Use the K nearest neighbor algorithm KNN to predict the type of wine. The data comes from the sklearn dataset.
import dataset
from sklearn.datasets import load_wine
wine_data = load_wine()
wine_data.keys()
Each dataset in datasets in sklearn contains the following information: data: feature data, target: target variable, target_names: name of target variable, DESCR: data description, feature_names: feature name.
explore data
wine_data['data'].shape
It can be found that this data set has a total of 178 samples and 13 feature variables.
print(wine_data['DESCR'])
Divide the dataset
from sklearn.model_selection import train_test_split
X_train,X_test,y_train,y_test = train_test_split(wine_data['data'],wine_data['target'],random_state=0)
wine_data['data'] and wine_data['target'] in train_test_split() represent feature variables and target variables;
You can also assign X=wine_data['data'], y=wine_data['target'], train_test_split(X,y,random_state=0);
random_state is a random seed, you can write a number arbitrarily.
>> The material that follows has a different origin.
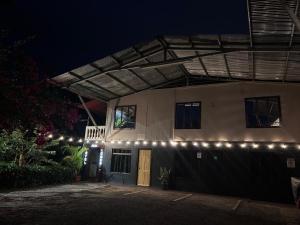 a building with lights on the side of it at night at Hotel Don Roberto in San Isidro de El General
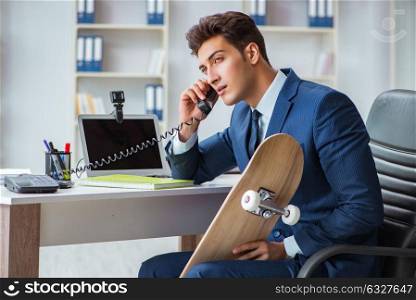 Young businessman with skate in office in sports concept. The young businessman with skate in office in sports concept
Using the shape method, you can see that the training set accounts for 75% and the test set accounts for 25%.
Modeling & Calculating Scoring
# KNN分类模型
from sklearn.neighbors import KNeighborsClassifier
model_knn = KNeighborsClassifier()
model_knn.fit(X_train,y_train)
format(model_knn.score(X_test,y_test))
The accuracy of the model is about 73%, that is, the probability of making a prediction about new wine is correct is 73%.